Prophets are Secular: Egypt’s New Law and the Potential Impact on Religious Freedom.
A New law in Egypt which grants the president of Egypt the power to appoint the most senior officials in the Egyptian judiciary has recently been passed by parliament and it threatens the very fabric of judicial independence in Egypt. By way of a brief clarification, this blog post does not make the claim that judicial independence started in Egypt through the 2014 constitution, it merely observes that the concept is reflected in the text and former custom which exists in and around the constitution of 2014. Prior to the legislation passed on 26th of April 2017, the senior most member of the judicial institution along with the senior most members of the judiciary selected new members for the judicial branch. Through the course of this blog post, I will elaborate briefly on how I believe that the new laws which threaten judicial autonomy may in the future threaten to radicalize the Supreme Constitutional Court (SCC) in cases involving a religious claim, specifically a claim pertinent to the interpretation of Shari’a. This system provided for a check on executive overreach in the Egyptian context.
The selection procedure of the judiciary draws textual authority and is reflected in Article 185 of the 2014 constitution, which states that: “All judicial bodies administer their own affairs. Each has an independent budget, whose items are all discussed by the House of Representatives. After approving each budget, it is incorporated in the state budget as a single figure, and their opinion is consulted on the draft laws governing their affairs”. To put it in simpler terms, Article 185 of the 2014 constitution determines that the judiciary is independent to administer their own affairs and that their opinion is vital to the promulgation of any law which impacts the managing of their internal affairs. Article 94 of the 2014 constitution states that: “The rule of law is the basis of governance in the state. The state is subject to the law, while the independence, immunity and impartiality of the judiciary are essential guarantees for the protection of rights and freedoms”. This article lays out the basis for governance in Egypt post 2014 as being a quasi-liberal form of governance. Judicial autonomy and independence is thus very integral to the constitutional framework of Egypt. Article 185 read with Article 94, a more general provision which expressly mentions the independence of the judiciary, gives the judiciary functional autonomy from other arms of the Egyptian government.

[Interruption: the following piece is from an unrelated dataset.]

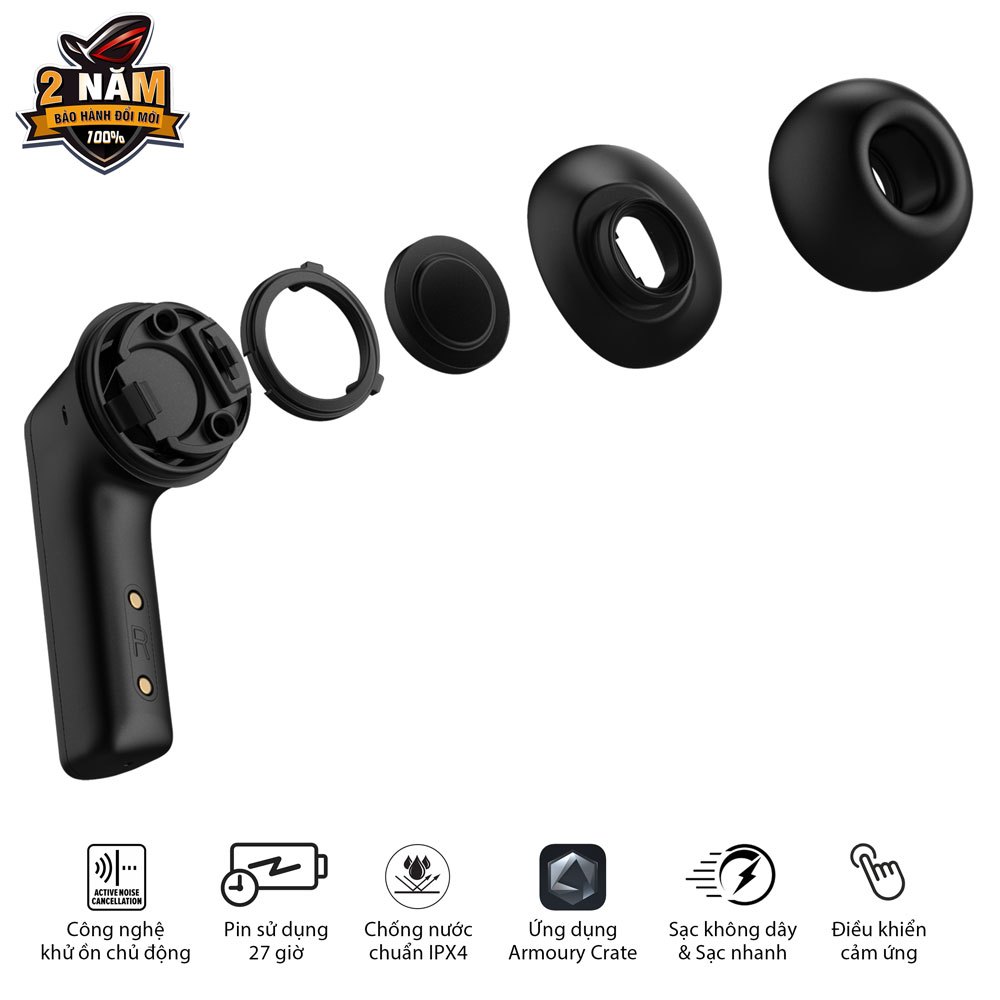 Tai nghe gaming không dây ASUS ROG CETRA TRUE Wireless, chống nước IPX4, công nghệ chống ồn ANC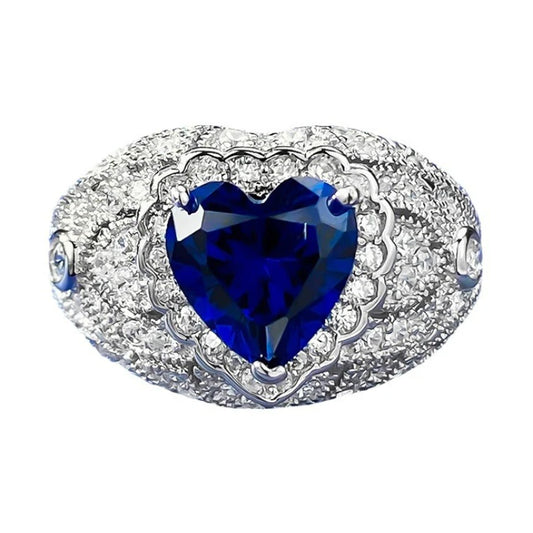 Urqanyu S925 sterling silver heart-shaped simulated sapphire cubic zirconia ring 8*8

However, the method of appointing judges was not expressly constitutionally enshrined in the 2014 constitution. The judiciary appointing its own members was largely a product of a customary constitutional norm to give effect to the provisions that I previously highlighted. Through an amendment to this procedure, the judicial councils chairman will now be appointed by the president, who selects the chair from 3 names given to him by the 7 most senior members of the judiciary’s supreme council.[i] This gives a heightened power to the president to influence the selection of the judiciary. It is important to think about why it is of the highest importance for a theocracy in the image of Egypt to have judicial independence so as to ensure the compatibility of the system with International Human Rights standards, which are applicable to theocracies in the narrow field of cases concerning religions freedom.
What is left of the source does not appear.